In The Hobbit by J.R.R. Tolkien, how does the dwarves entrance to Beorn and Bilbo's house compare and contrast?
The dwarves' entrance into both Beorn and Bilbo's homes are incredibly similar. Gandalf uses the same strategy of bringing in, or introducing, the dwarves in pairs, so as not to alarm the home owner. Gandalf realizes that if he were to show up on either character's doorstep with thirteen dwarves in tow, that the door might be promptly slammed in his face. Gandalf's handling of the situation reveals his cunning and savvy understanding of how people react.
At Beorn's house, the Carrock, Gandalf adapts his strategy that he used at Bilbo's to include a story of their past adventures.

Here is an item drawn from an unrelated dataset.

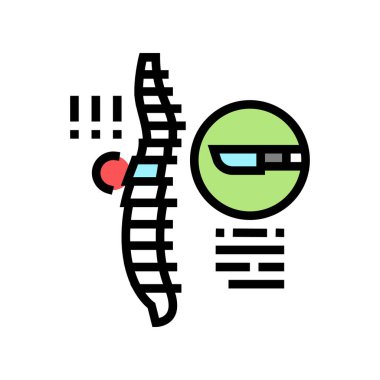 cerrahi skolyoz renk ikonu vektör çizimi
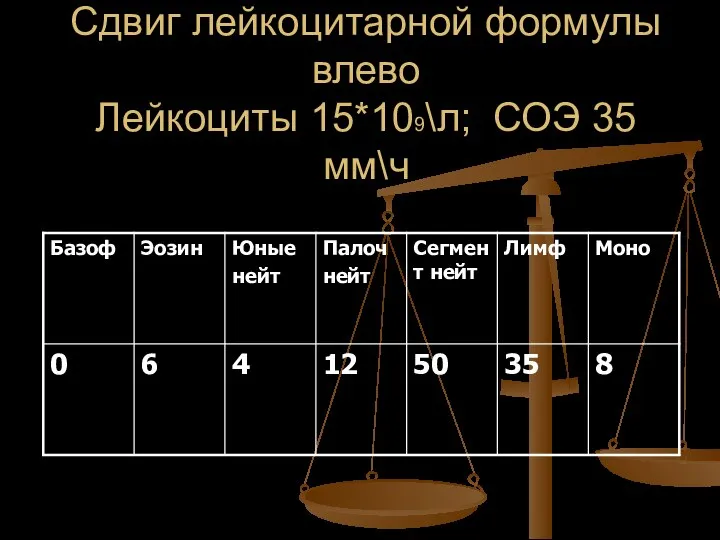 Сдвиг лейкоцитарной формулы влево Лейкоциты 15*109\л; СОЭ 35 мм\ч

"I shall introduce you slowly, two by two, I think; and you mustbe careful not to annoy him, or heaven knows what will happen."
As Gandalf tells the story, he includes details that suggest a certain number of dwarves through their adventures, such as when he details their fight against the Great Goblin:
"'even if they were not all chained together, what can a dozen do against so many?'
'A dozen! That's the first time I've heard eight called a dozen. Or have you still got some jacks that haven't yet come out of their boxes?'" (112)
Gandalf draws Beorn into the story and gets him cheerfully involved, so he will not mind the addition of a couple of dwarves throughout the story. This approach is different from the one he used at Bilbo's house, because Gandalf did not use the device of the story to introduce the company of dwarves, merely asked them to arrive at staggered times.